Task to carry out: Each line of the records is to be returned verbatim, with the images omitted.
──────── Data records
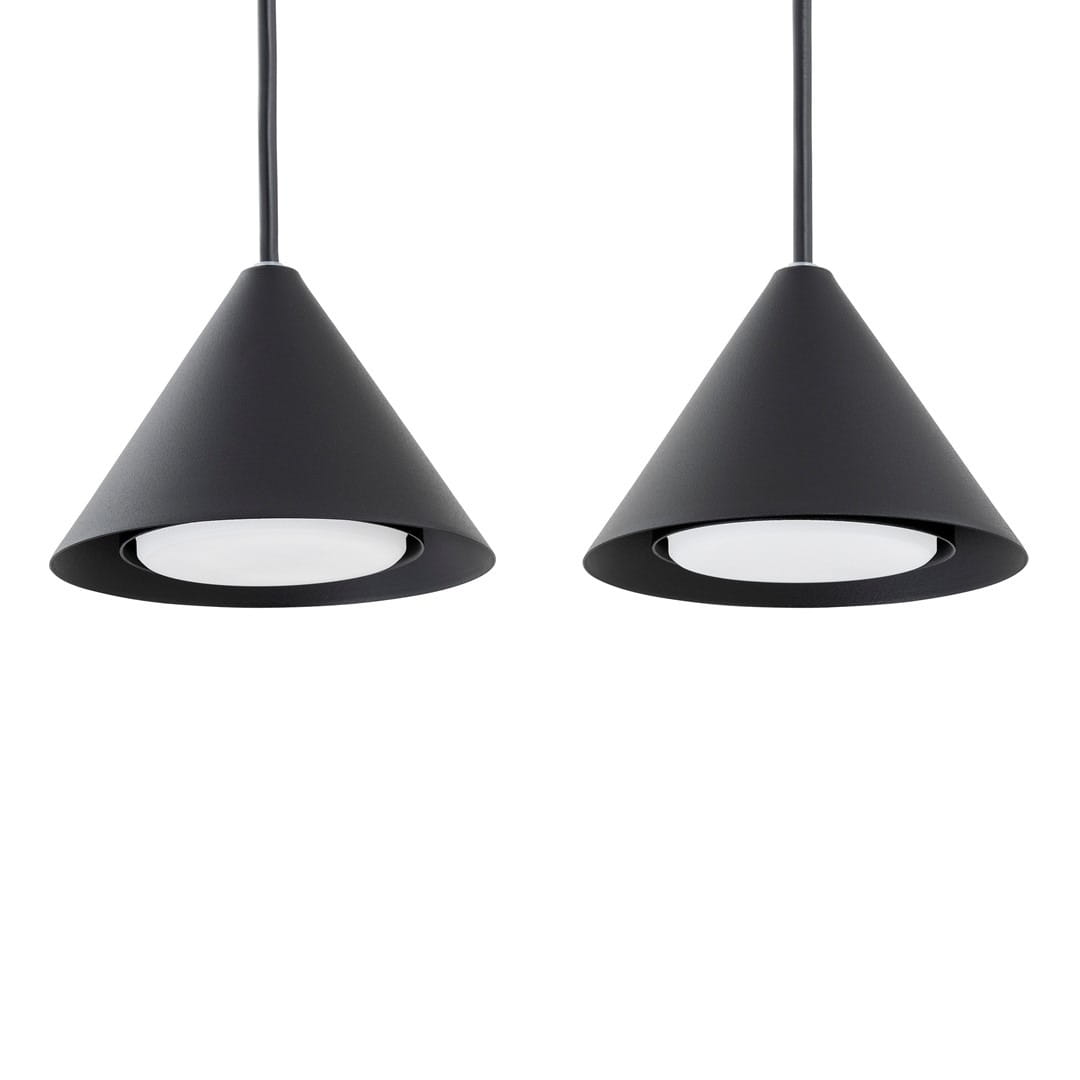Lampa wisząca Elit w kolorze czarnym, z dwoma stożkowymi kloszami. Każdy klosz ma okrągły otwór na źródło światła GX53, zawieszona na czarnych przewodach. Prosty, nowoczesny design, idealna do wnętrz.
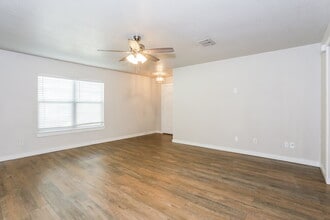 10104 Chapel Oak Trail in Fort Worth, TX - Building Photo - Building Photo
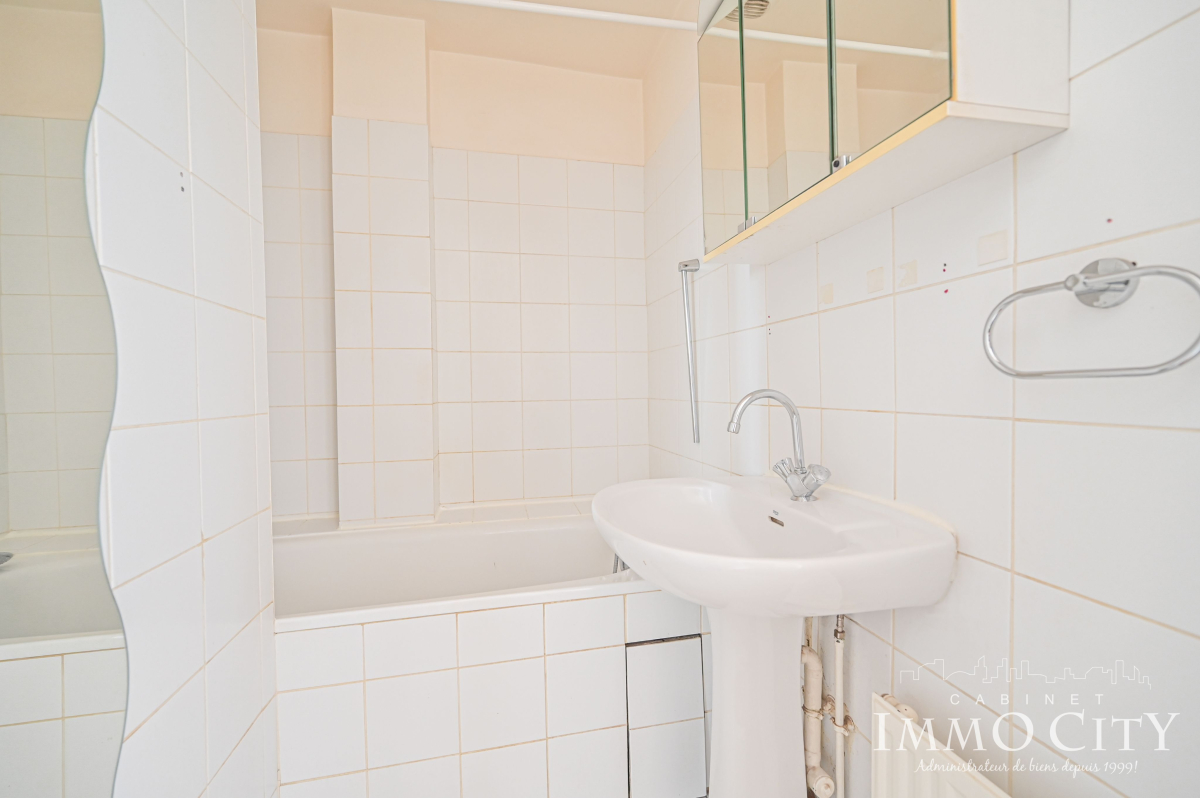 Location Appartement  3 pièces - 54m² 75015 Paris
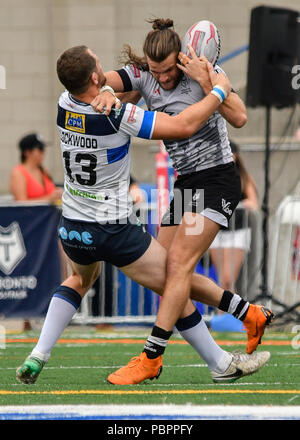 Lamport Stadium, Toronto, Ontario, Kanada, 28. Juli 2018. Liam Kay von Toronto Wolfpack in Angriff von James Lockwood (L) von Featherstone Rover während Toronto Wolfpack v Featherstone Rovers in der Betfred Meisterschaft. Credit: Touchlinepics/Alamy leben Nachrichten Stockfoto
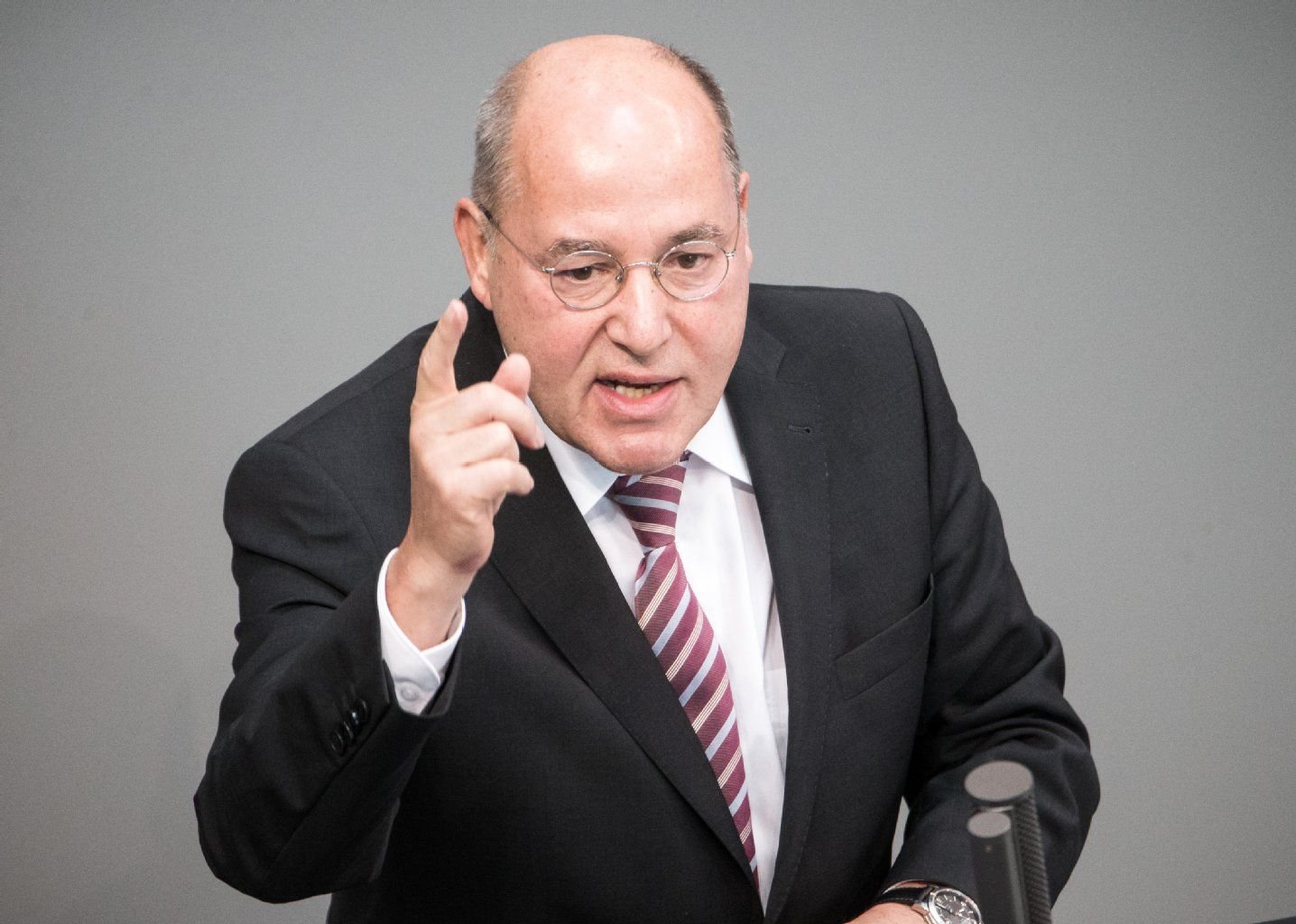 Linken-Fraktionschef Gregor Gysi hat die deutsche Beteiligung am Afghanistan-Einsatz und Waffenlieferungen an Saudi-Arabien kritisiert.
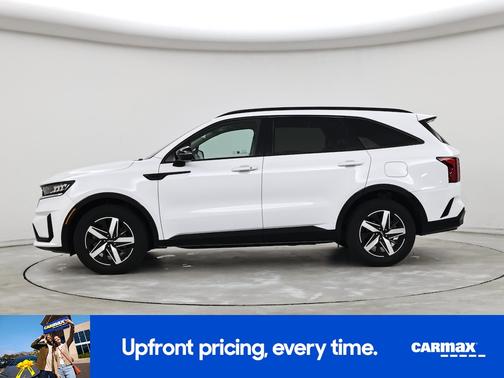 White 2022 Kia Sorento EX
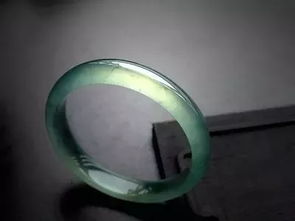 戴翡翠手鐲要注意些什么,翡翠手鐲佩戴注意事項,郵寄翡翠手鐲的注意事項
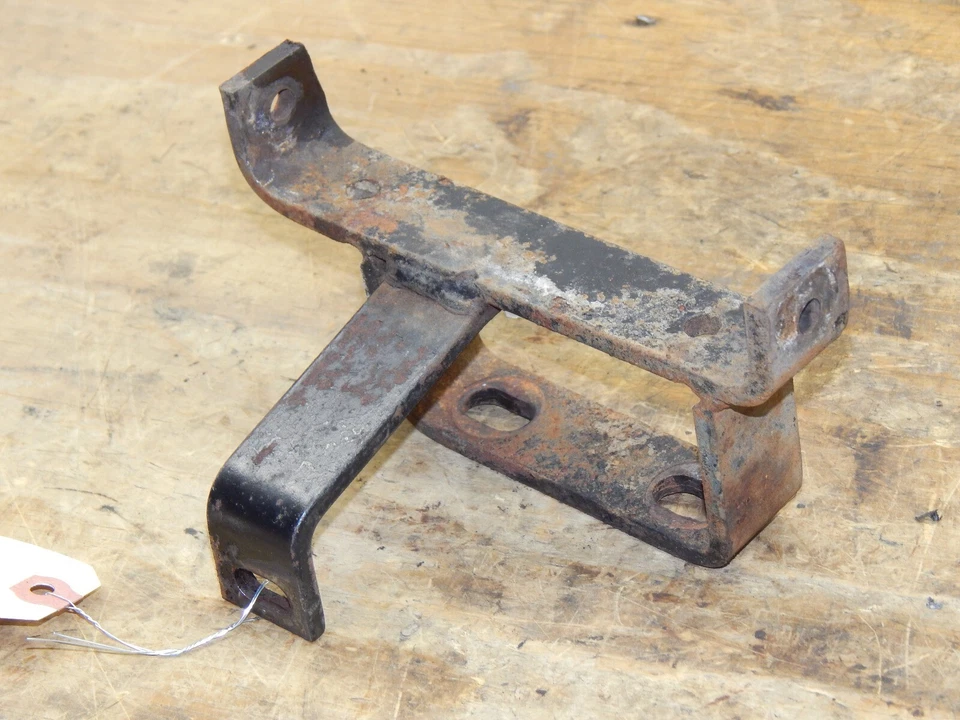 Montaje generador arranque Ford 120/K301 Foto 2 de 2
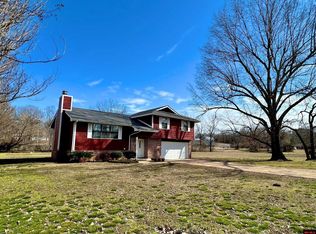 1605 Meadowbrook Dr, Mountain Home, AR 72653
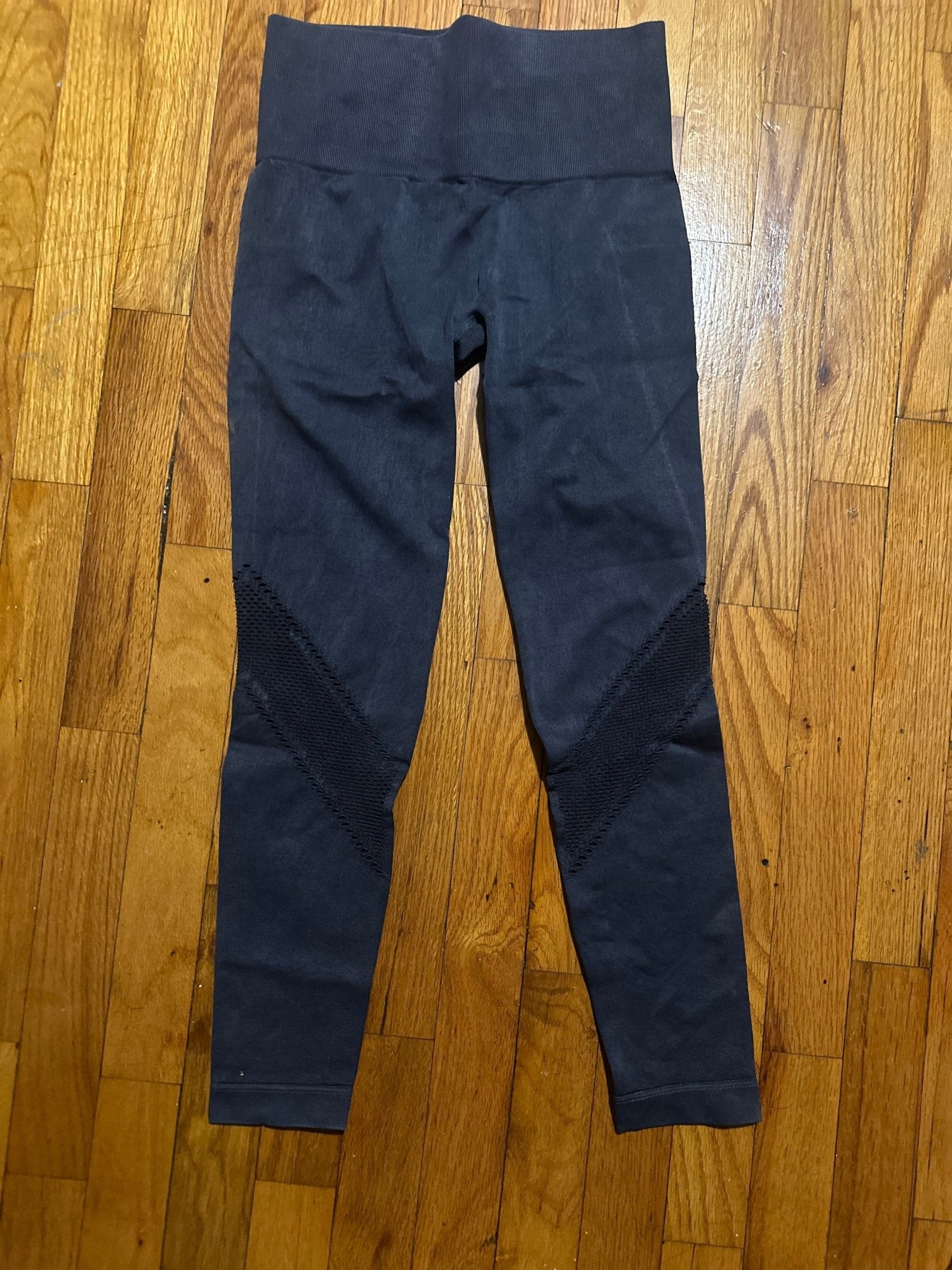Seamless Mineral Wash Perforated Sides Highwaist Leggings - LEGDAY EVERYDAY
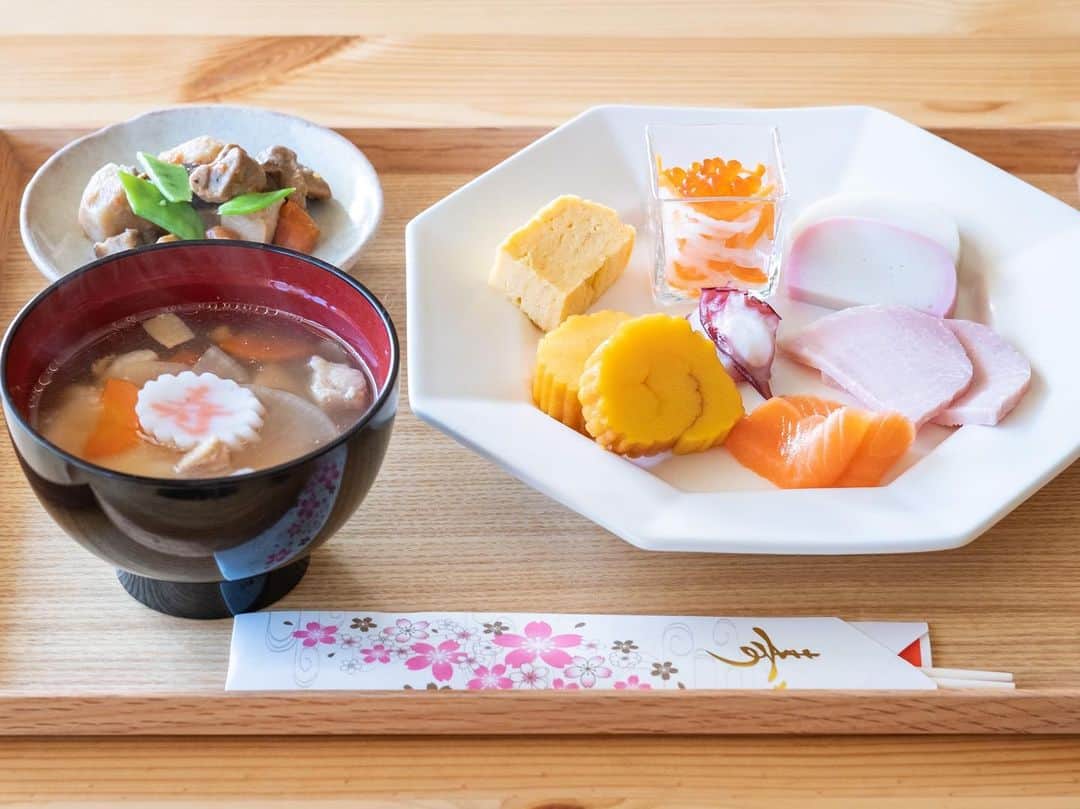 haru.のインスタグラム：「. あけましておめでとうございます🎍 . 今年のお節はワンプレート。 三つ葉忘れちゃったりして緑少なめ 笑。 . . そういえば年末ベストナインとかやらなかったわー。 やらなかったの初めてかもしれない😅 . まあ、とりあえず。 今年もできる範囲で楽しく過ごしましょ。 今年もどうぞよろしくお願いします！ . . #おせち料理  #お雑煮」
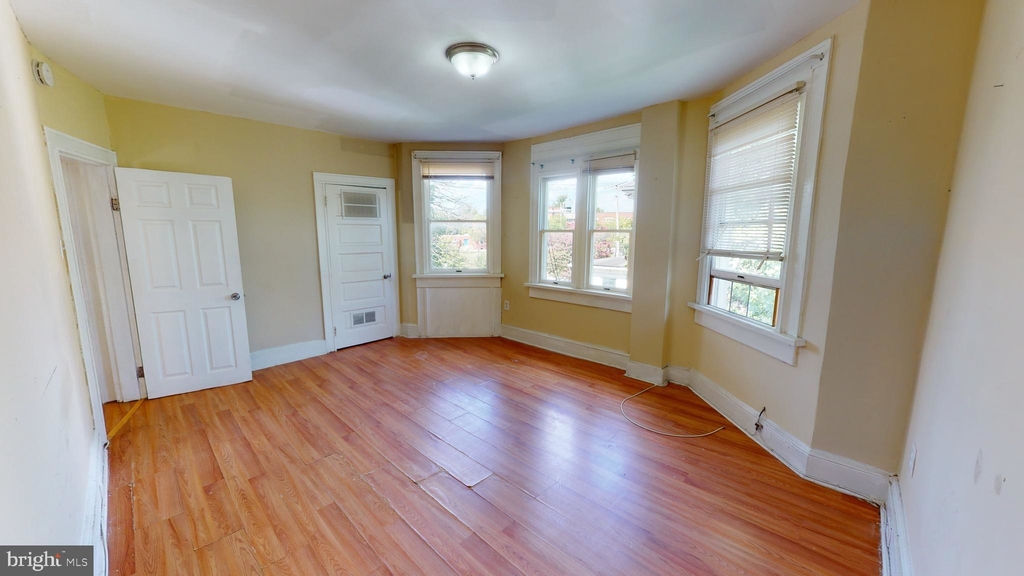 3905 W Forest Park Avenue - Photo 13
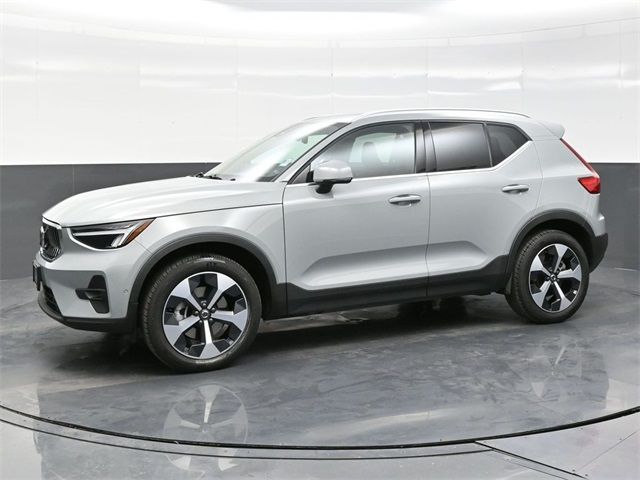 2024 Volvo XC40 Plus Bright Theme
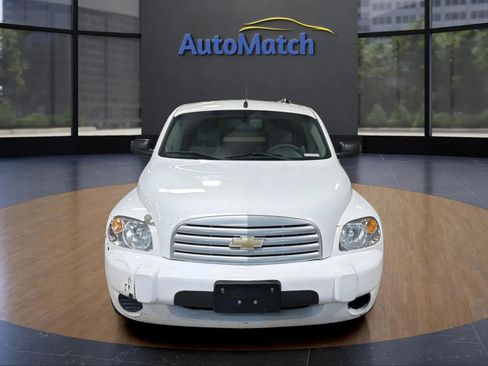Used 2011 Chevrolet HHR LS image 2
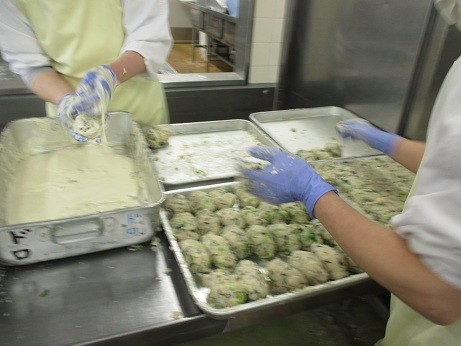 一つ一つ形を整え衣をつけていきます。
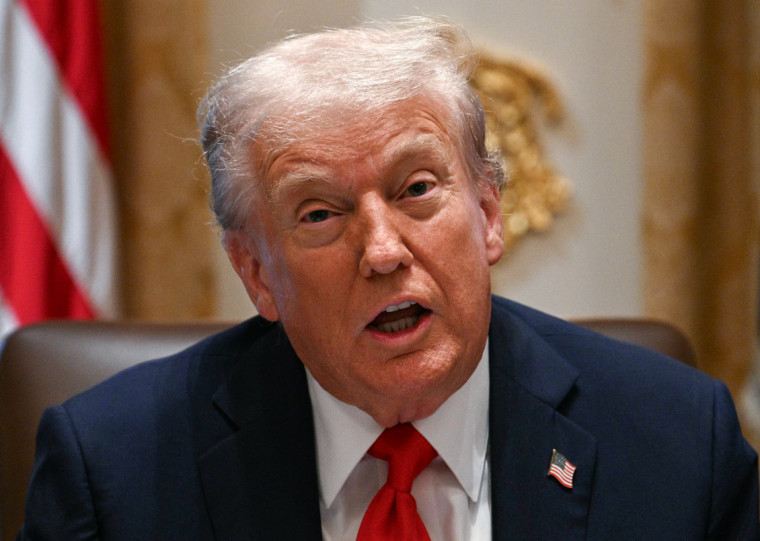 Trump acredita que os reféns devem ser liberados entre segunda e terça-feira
────────────────
Solution for this task:
Lampa wisząca Elit w kolorze czarnym, z dwoma stożkowymi kloszami. Każdy klosz ma okrągły otwór na źródło światła GX53, zawieszona na czarnych przewodach. Prosty, nowoczesny design, idealna do wnętrz.
 10104 Chapel Oak Trail in Fort Worth, TX - Building Photo - Building Photo
 Location Appartement  3 pièces - 54m² 75015 Paris
 Lamport Stadium, Toronto, Ontario, Kanada, 28. Juli 2018. Liam Kay von Toronto Wolfpack in Angriff von James Lockwood (L) von Featherstone Rover während Toronto Wolfpack v Featherstone Rovers in der Betfred Meisterschaft. Credit: Touchlinepics/Alamy leben Nachrichten Stockfoto
 Linken-Fraktionschef Gregor Gysi hat die deutsche Beteiligung am Afghanistan-Einsatz und Waffenlieferungen an Saudi-Arabien kritisiert.
 White 2022 Kia Sorento EX
 戴翡翠手鐲要注意些什么,翡翠手鐲佩戴注意事項,郵寄翡翠手鐲的注意事項
 Montaje generador arranque Ford 120/K301 Foto 2 de 2
 1605 Meadowbrook Dr, Mountain Home, AR 72653
Seamless Mineral Wash Perforated Sides Highwaist Leggings - LEGDAY EVERYDAY
 haru.のインスタグラム：「. あけましておめでとうございます🎍 . 今年のお節はワンプレート。 三つ葉忘れちゃったりして緑少なめ 笑。 . . そういえば年末ベストナインとかやらなかったわー。 やらなかったの初めてかもしれない😅 . まあ、とりあえず。 今年もできる範囲で楽しく過ごしましょ。 今年もどうぞよろしくお願いします！ . . #おせち料理  #お雑煮」
 3905 W Forest Park Avenue - Photo 13
 2024 Volvo XC40 Plus Bright Theme
Used 2011 Chevrolet HHR LS image 2
 一つ一つ形を整え衣をつけていきます。
 Trump acredita que os reféns devem ser liberados entre segunda e terça-feira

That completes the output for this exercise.